Between 15:00 on October 28 and 11:00 on October 29, the internet recorded 289,034 mentions of the Rio police operation across Instagram, X, YouTube, Facebook, and TikTok. Within hours, the narrative war was settled: the far right dominated the debate by a factor of five.
According to data analyst Renato Dolci, who processed the posts using BrandWatch and FanPage Karma, 62% of all content was favorable to the operation. These were the “heroic BOPE” and “historic cleanup” posts — clips of armed officers hailed as saviors, comments calling the raid a “necessary war against narco-terrorism,” and praise for Governor Cláudio Castro. The dominant framing reduced the death toll to “four fallen policemen.”

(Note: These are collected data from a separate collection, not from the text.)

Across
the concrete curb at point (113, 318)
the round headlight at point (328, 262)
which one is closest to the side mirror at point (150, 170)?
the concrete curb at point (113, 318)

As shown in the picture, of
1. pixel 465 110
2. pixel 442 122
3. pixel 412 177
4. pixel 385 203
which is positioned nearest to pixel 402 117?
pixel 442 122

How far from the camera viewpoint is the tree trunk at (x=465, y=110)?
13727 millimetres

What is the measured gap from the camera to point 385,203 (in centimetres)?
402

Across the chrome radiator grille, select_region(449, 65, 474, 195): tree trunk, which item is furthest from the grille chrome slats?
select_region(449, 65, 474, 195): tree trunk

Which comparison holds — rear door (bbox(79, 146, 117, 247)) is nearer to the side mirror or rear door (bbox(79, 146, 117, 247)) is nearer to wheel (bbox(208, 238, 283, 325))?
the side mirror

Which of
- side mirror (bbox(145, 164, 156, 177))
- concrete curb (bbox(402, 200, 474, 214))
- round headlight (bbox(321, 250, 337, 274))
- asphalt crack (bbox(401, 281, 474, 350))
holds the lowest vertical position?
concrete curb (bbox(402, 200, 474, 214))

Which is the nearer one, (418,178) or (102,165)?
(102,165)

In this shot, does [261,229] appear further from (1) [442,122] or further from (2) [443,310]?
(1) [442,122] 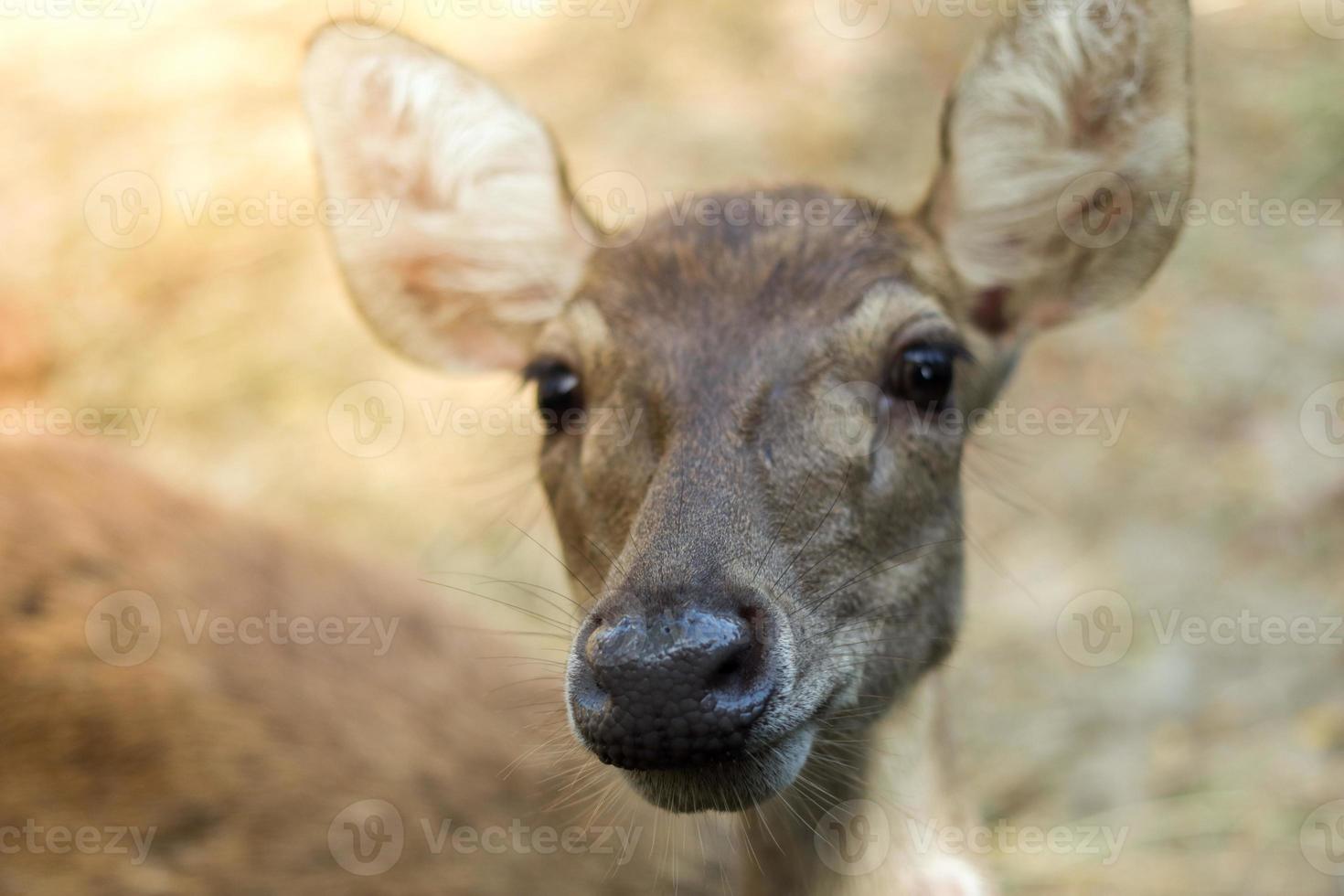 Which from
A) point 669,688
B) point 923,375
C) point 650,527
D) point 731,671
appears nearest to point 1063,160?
point 923,375

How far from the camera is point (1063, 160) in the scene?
13.3 ft

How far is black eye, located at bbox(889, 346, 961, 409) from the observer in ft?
12.0

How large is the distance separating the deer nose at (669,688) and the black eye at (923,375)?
114 cm

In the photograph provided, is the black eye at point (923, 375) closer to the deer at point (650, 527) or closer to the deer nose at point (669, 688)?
the deer at point (650, 527)

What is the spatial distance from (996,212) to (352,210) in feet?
6.91

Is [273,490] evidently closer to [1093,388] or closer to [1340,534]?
[1093,388]

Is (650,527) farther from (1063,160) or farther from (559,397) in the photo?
(1063,160)

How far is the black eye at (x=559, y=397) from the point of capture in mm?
3908

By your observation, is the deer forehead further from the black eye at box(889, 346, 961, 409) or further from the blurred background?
the blurred background

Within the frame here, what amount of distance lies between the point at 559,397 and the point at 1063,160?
1.68 metres

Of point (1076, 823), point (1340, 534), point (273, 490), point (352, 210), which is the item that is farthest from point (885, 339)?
point (273, 490)

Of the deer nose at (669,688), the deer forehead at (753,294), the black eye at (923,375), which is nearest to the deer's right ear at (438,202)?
the deer forehead at (753,294)

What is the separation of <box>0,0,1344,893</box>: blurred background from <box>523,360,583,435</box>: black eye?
4.88 feet

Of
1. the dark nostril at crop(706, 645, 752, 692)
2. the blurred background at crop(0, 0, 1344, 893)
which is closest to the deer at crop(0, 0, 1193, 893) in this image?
the dark nostril at crop(706, 645, 752, 692) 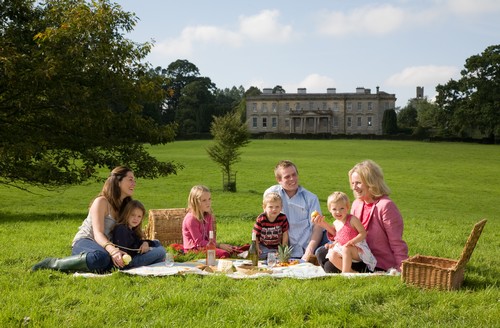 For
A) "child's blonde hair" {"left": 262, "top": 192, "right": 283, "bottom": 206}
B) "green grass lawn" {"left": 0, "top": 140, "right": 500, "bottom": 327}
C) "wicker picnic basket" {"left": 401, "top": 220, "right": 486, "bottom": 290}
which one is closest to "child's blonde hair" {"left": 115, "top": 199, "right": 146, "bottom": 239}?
"green grass lawn" {"left": 0, "top": 140, "right": 500, "bottom": 327}

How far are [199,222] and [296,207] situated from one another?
52.3 inches

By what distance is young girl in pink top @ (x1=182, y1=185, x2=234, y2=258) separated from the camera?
742 centimetres

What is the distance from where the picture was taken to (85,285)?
5480 mm

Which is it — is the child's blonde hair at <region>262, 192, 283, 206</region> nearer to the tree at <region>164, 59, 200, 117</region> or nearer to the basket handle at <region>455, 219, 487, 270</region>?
the basket handle at <region>455, 219, 487, 270</region>

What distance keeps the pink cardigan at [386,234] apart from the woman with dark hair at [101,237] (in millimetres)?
2754

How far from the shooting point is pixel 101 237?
6.24 meters

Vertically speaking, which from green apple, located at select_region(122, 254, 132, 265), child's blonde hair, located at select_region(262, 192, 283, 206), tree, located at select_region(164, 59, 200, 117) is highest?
tree, located at select_region(164, 59, 200, 117)

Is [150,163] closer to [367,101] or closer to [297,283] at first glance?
[297,283]

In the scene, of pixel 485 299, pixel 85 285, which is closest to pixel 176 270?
pixel 85 285

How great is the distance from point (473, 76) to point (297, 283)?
63.9 meters

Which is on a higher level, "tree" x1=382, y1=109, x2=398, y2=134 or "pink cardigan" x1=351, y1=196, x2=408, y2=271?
"tree" x1=382, y1=109, x2=398, y2=134

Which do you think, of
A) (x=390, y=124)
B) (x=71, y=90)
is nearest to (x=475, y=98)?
(x=390, y=124)

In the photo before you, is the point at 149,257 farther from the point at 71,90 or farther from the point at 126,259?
the point at 71,90

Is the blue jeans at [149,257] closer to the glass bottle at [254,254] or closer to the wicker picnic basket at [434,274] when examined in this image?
the glass bottle at [254,254] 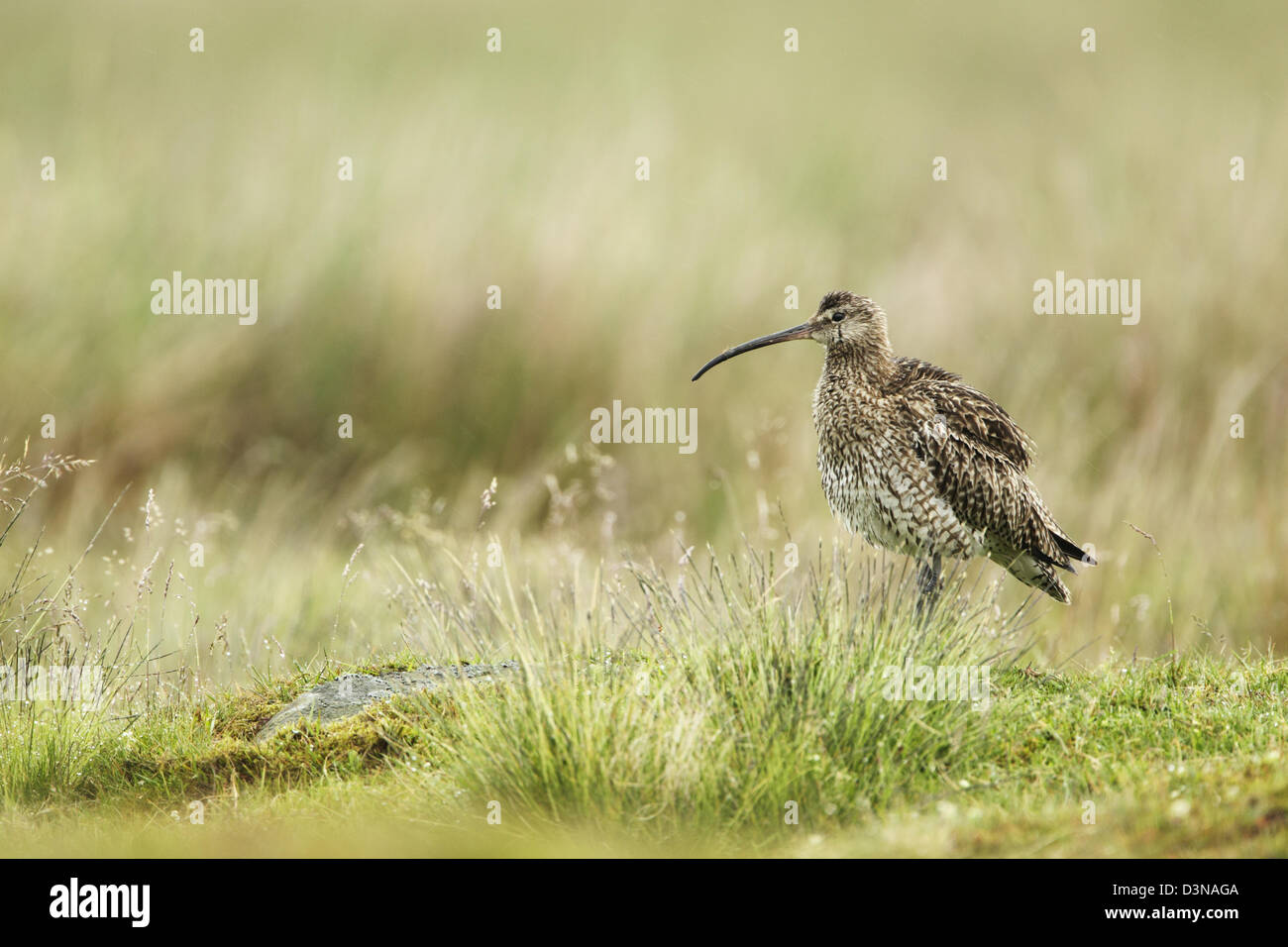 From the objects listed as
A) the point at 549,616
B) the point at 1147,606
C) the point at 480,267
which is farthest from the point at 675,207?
the point at 549,616

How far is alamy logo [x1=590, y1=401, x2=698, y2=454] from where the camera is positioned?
1252cm

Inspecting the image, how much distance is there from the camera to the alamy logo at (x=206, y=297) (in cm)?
1284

Only 32% of mentions were critical, describing the event as a chacina — a massacre — or genocide of the poor. These posts echoed reports of 120+ deaths, many of them unarmed residents, and accused the state of executing a racist extermination in the favelas. A remaining 6% expressed fear or confusion, typified by messages like “Rio turned into Gaza — stay home, God protect us.”
Engagement gap: five to one
Dolci’s breakdown shows just how asymmetric Brazil’s digital ecosystem has become. Right-wing accounts such as @claudiocastroRJ (100 k likes) or @nikolasferreira (80 k) vastly outperformed left-leaning voices like @southaferreira (50 k) and @taliriapetrone (21 k).
The result: five times more engagement for pro-operation narratives.
Instagram led the conversation with 83,820 mentions (29%), followed by X (24%), YouTube (19%), TikTok (17%), and Facebook (11%). Across all platforms, patriotic slogans, uniformed imagery, and short emotional captions consistently outperformed longer or fact-based critiques.
The algorithm of order
What emerges is a digital echo chamber where state violence is aestheticized and outrage is algorithmically punished. The platforms’ emotional reward systems — shares, likes, fast visuals — amplify moral simplicity: the “war on drugs” becomes a heroic spectacle, and systemic racism becomes invisible under a flood of emojis. Each “faxina histórica” post does the political work of a press release — for free.
The operation’s aftermath online shows how Brazil’s far right doesn’t need to control media outlets anymore; it only needs to feed the machine content that feels like victory. In this war, data replaces ideology, and algorithms decide who gets to define reality.